Monday, May 15, 2017

Kubernetes Development Environment - Minimizing Configuration Drift, Maximizing Developer Speed

One of the most appealing aspects of  Container as a Service offerings like Kubernetes is that operational capability is mostly built in.  At a high level, applications and services are deployed to clusters with manifest files that contain configuration, required containers, and needed resources while the actual mechanics of the deployment are abstracted away from the end user. 

While PaaS offerings like Cloud Foundry offer the same level of operational automation, I believe Kubernetes has gained more traction than Cloud Foundry because it is possible to  move the stateful parts of an application into Kubernetes and run them as-is by mounting their containers to persistent volumes. I think that persistent disks are a work in progress in Cloud Foundry, but standard practice for persistence is to expose and bind to a service that provides persistence (e.g. database, file store)  via a CF cluster service broker.

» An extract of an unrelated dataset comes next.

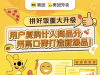 美团拼好饭“商品分”上线，低于4.4分将被取消爆品资格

Once a legacy app is containerized and ported into Kubernetes, it is possible to rapidly refactor from a monolith into purpose built microservices. Normally, without some kind of container orchestration, deployment complexity would increase dramatically. Kubernetes automates that deployment complexity away.

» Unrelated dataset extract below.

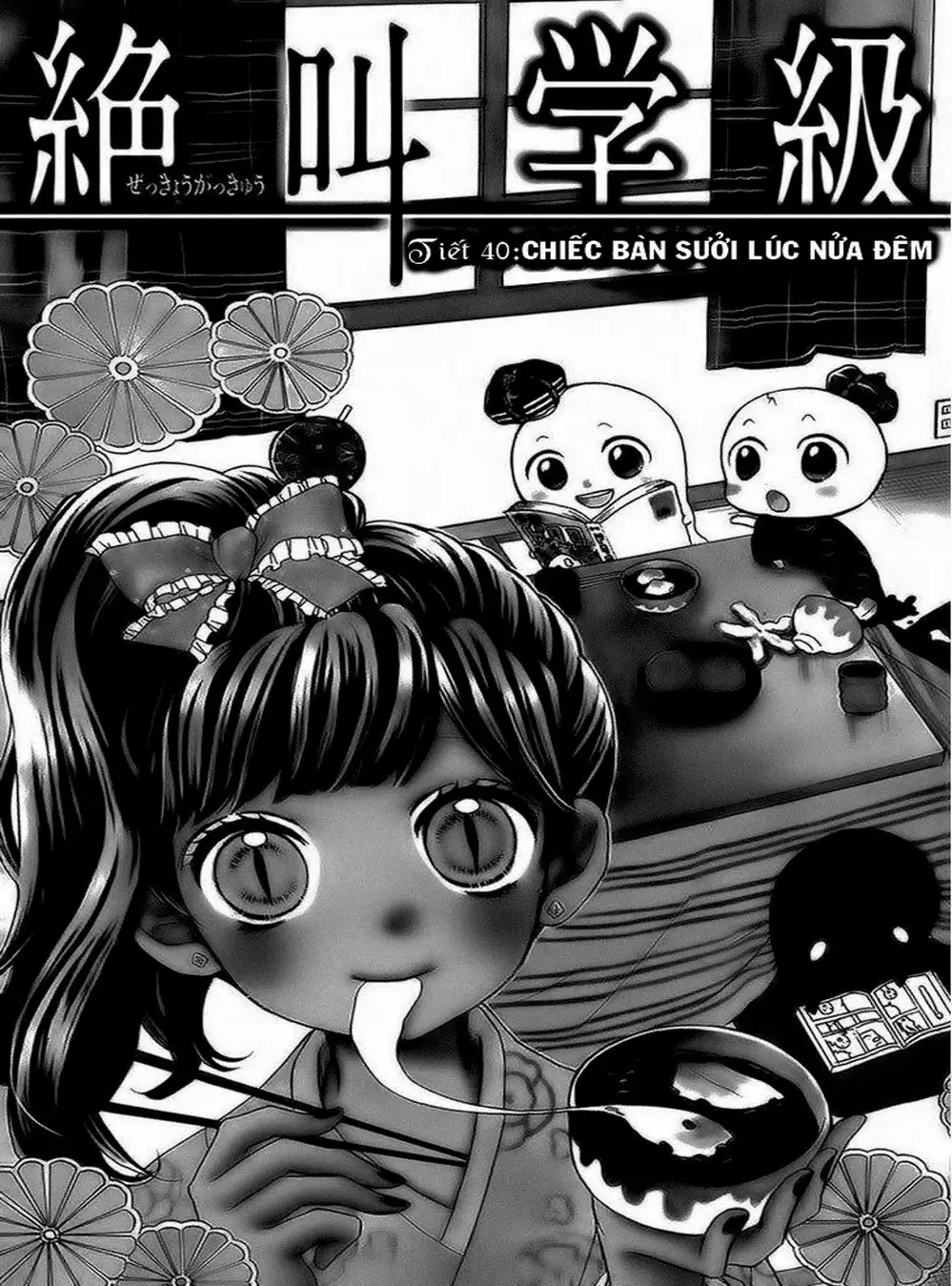 Truyện Tranh Lớp Học Rùng Rợn - Screaming Lesson trang 4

This is very exciting, especially to teams that are saddled with legacy codebases, faced with faster moving competitors, needing to deliver key features to capture or maintain market share. These teams know what they need to deliver, they just can’t do it fast enough. Velocity is key. Any technology that allows teams to ultimately deliver features faster allows them to then iterate on those features to gain and extend market fit. 

However, while porting a legacy codebase into Kubernetes is relatively straightforward, it is not possible to ‘lift and shift’ the engineering team skillset. So after the port, on day 1, engineering teams are still faced with a huge step function that prevents them from moving as quickly as they could. 

Making a long term successful migration to Kubernetes means ensuring that the engineering teams that own the applications and services that have been migrated can fulfill the promise of the system - by quickly refactoring and extending the legacy software from it's legacy state to a decomposed, flexible architecture that enables fast feature ideation.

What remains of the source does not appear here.